IMAGE_SIZE = (100, 100)
MEAN_VALUE = 128

filename = sys.argv[1]
setname, ext = filename.split('.')

with open(filename, 'r') as f:
    lines = f.readlines()

numpy.random.shuffle(lines)

sample_size = len(lines)
imgs = numpy.zeros((sample_size, 1,) + IMAGE_SIZE, dtype=numpy.float32)
scores = numpy.zeros(sample_size, dtype=numpy.float32)

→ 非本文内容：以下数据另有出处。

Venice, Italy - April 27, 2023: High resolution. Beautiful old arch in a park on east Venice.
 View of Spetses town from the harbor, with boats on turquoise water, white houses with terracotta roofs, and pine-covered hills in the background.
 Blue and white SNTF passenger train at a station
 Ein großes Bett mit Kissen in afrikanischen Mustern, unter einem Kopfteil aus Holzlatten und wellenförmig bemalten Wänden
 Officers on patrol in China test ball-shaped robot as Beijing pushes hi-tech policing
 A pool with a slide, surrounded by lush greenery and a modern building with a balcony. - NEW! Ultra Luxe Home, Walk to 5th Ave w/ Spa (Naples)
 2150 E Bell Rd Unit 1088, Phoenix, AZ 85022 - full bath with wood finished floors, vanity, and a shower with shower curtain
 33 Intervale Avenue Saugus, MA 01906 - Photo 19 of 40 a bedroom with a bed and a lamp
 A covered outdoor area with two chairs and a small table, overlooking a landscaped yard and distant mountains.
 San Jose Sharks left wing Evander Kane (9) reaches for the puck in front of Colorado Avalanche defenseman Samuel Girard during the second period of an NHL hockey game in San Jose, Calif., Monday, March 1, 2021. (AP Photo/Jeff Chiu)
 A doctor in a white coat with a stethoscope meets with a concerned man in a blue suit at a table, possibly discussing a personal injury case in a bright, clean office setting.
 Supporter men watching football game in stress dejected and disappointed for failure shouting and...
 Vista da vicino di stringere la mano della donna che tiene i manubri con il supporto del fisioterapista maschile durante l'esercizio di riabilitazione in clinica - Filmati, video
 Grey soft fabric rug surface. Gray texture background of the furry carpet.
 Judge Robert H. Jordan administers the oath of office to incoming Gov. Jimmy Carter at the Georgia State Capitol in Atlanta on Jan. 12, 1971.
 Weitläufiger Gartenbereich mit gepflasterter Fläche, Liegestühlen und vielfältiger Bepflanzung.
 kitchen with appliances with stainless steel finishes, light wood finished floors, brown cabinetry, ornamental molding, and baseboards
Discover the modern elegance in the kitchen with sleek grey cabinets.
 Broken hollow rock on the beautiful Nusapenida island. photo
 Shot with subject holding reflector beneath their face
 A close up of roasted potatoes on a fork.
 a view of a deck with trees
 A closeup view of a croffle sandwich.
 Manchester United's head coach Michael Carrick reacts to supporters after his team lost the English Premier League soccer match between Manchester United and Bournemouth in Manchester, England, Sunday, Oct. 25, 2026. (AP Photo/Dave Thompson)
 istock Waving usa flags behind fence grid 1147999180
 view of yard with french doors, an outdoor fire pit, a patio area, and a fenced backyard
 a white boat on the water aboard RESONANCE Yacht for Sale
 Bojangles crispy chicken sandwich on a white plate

h5_filename = '{}.h5'.format(setname)
with h5py.File(h5_filename, 'w') as h:
    for i, line in enumerate(lines):
        image_name, score = line[:-1].split()
        img = pyplot.imread(image_name)[:, :, 0].astype(numpy.float32)
        img = img.reshape((1, )+img.shape)
        img -= MEAN_VALUE
        imgs[i] = img
        scores[i] = float(score)
        if (i+1) % 1000 == 0:
            print('processed {} images!'.format(i+1))
    h.create_dataset('data', data=imgs)
    h.create_dataset('score', data=scores)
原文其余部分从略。